I’m a faculty member at UC San Diego, at the School of International Relations and Pacific Studies (IRPS). I’ve been there since 1992, with time off for sabbaticals at MIT and elsewhere. A lot of my research is about technological knowledge: what it is, what it does, how to develop it. I spent many years researching process improvement in the semiconductor industry, for example. I coauthored a book on the evolution of firearms manufacturing over 200 years.
My main research at present is how aviation – and by extension all important technologies – shifted from an art to a science over 80 years. Tentative book title is From Daredevils to System Operators.
I have a small research center, the Global Information Industry Center. (At some universities, the number of centers is greater than the number of faculty members!) We are busy quantifying the world’s information.

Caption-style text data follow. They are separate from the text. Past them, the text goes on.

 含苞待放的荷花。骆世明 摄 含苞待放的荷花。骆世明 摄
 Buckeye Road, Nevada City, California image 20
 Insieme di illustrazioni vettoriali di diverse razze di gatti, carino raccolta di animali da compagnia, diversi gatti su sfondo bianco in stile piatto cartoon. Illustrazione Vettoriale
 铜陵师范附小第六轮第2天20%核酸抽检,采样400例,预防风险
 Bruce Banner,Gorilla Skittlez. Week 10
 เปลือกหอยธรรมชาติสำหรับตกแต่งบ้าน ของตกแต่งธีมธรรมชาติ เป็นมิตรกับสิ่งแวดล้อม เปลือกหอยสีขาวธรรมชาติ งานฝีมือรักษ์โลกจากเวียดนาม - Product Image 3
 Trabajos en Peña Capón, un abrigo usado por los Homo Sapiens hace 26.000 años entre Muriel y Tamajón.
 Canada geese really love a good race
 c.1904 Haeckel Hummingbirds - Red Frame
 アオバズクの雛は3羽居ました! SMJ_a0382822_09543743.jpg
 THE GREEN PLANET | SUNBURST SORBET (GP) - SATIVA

My official faculty page is http://irps.ucsd.edu/faculty/faculty-directory/roger-e-bohn.htm
My Google Scholar publications list is at http://scholar.google.com/citations?hl=en&user=LfG6NDsAAAAJ
Paul Conway of the University of Michigan suggested I look at your How Much Information report in light of NEDCC’s upcoming conference, “The Tectonics of Digital Curation: A Symposium on the Shifting Preservation and Access Landscape” (http://www.nedcc.org/education/conferences/todc2010/todcdesc.php). Your distinction between data and information is an interesting one. And I was especially intrigued by your valuation of the Gettysburg Address. In the cultural heritage world, we are rethinking what it means to be a curator of analog — and now digital — artifacts. We’ve asked Brewster Kahle (the keynote speaker) to address the implications of overwhelming quantities of data (though in your terms, information) on the curation of cultural heritage moving forward.
The distinction between data and information is more subtle than our report discussed. English has only 3 words (data, information, knowledge) to cover a continuous spectrum of meanings. In the context of our report, we are distinguishing “bytes meaningful to people” by calling it information, while “raw bytes” are data.
There is a lot of interest in the “information overload” issue. The term is about 50 years old!